▸ **Required action**: Please retype the entries exactly as they stand, leaving out any pictures.

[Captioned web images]
------------------------------------------------

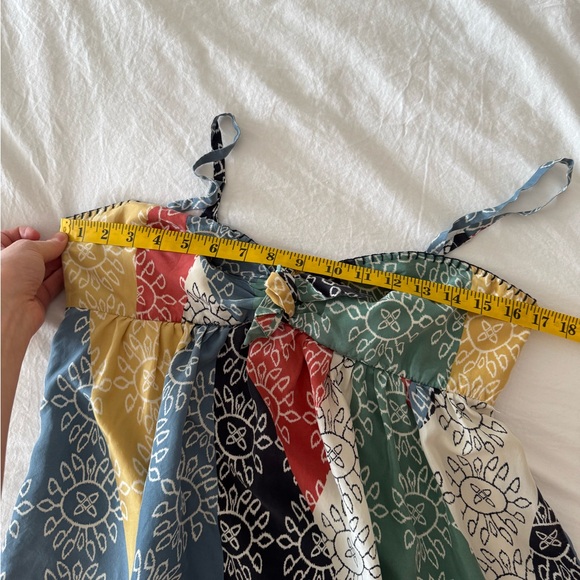 100% Silk bcbgmaxazria patchwork dress - Picture 8 of 12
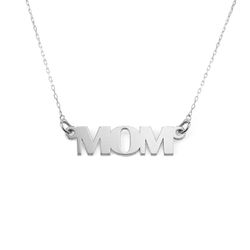Capital Letters Name Necklace with 10K White Gold product photo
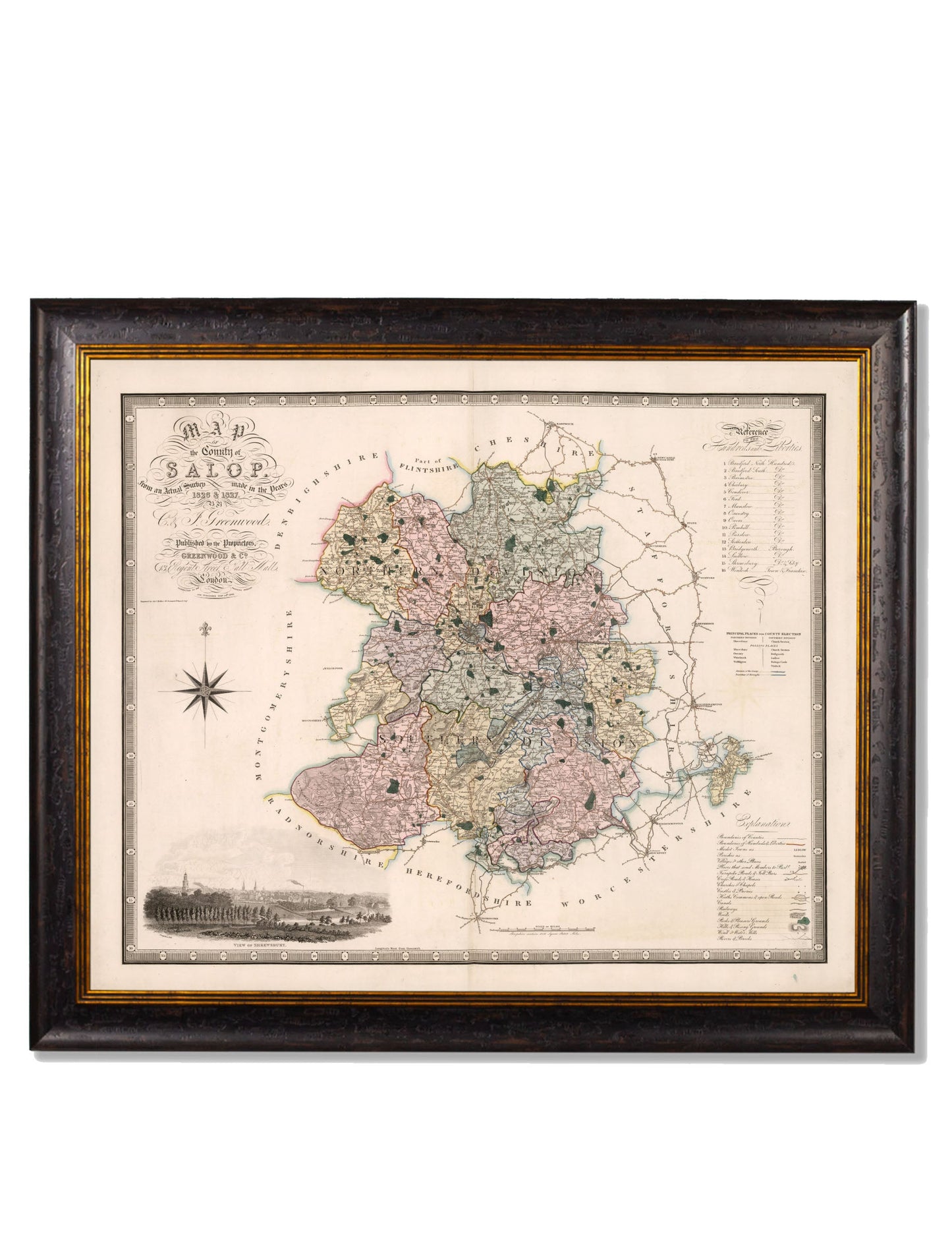 c.1830 County Maps of England styled view – Leya Buster Interiors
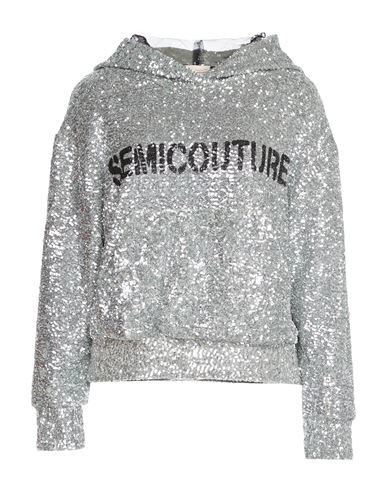 Semicouture Woman Sweatshirt Silver Size 2 Polyamide, Polyester | YOOX (US)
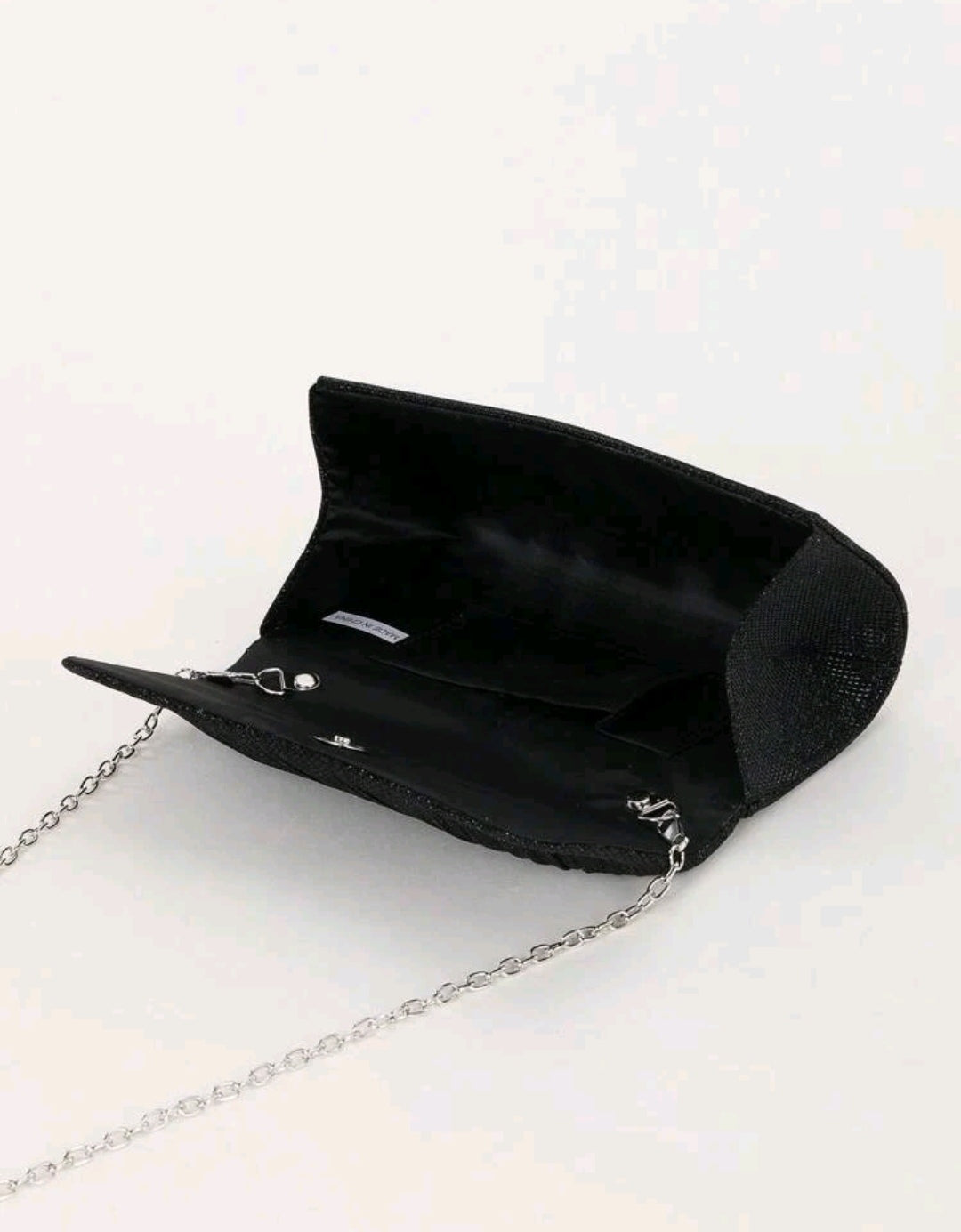 Mini Envelope Bag Glamorous Pleated Detail Flap Chain Glitter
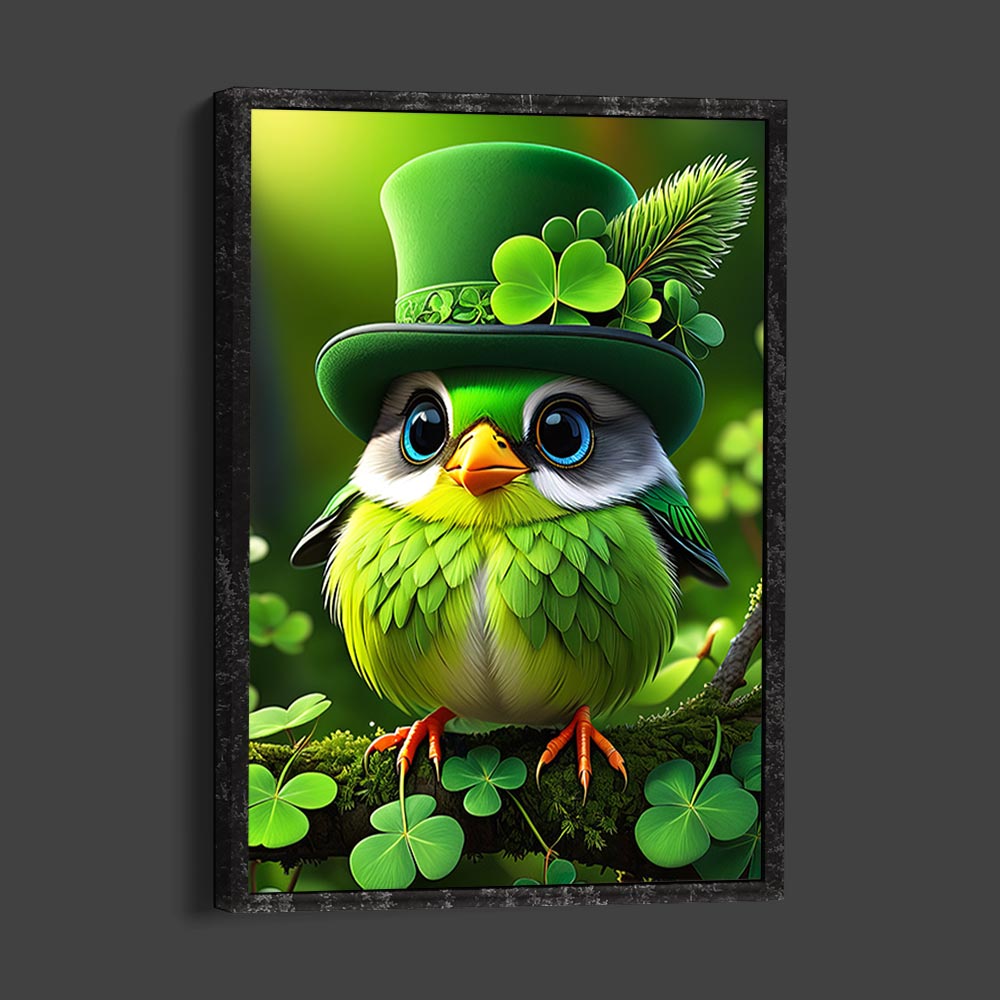 5D Diamond Painting AB Steine Green Bird, Unique-Diamond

------------------------------------------------

▸ **Finished exercise**:
 100% Silk bcbgmaxazria patchwork dress - Picture 8 of 12
Capital Letters Name Necklace with 10K White Gold product photo
 c.1830 County Maps of England styled view – Leya Buster Interiors
 Semicouture Woman Sweatshirt Silver Size 2 Polyamide, Polyester | YOOX (US)
 Mini Envelope Bag Glamorous Pleated Detail Flap Chain Glitter
 5D Diamond Painting AB Steine Green Bird, Unique-Diamond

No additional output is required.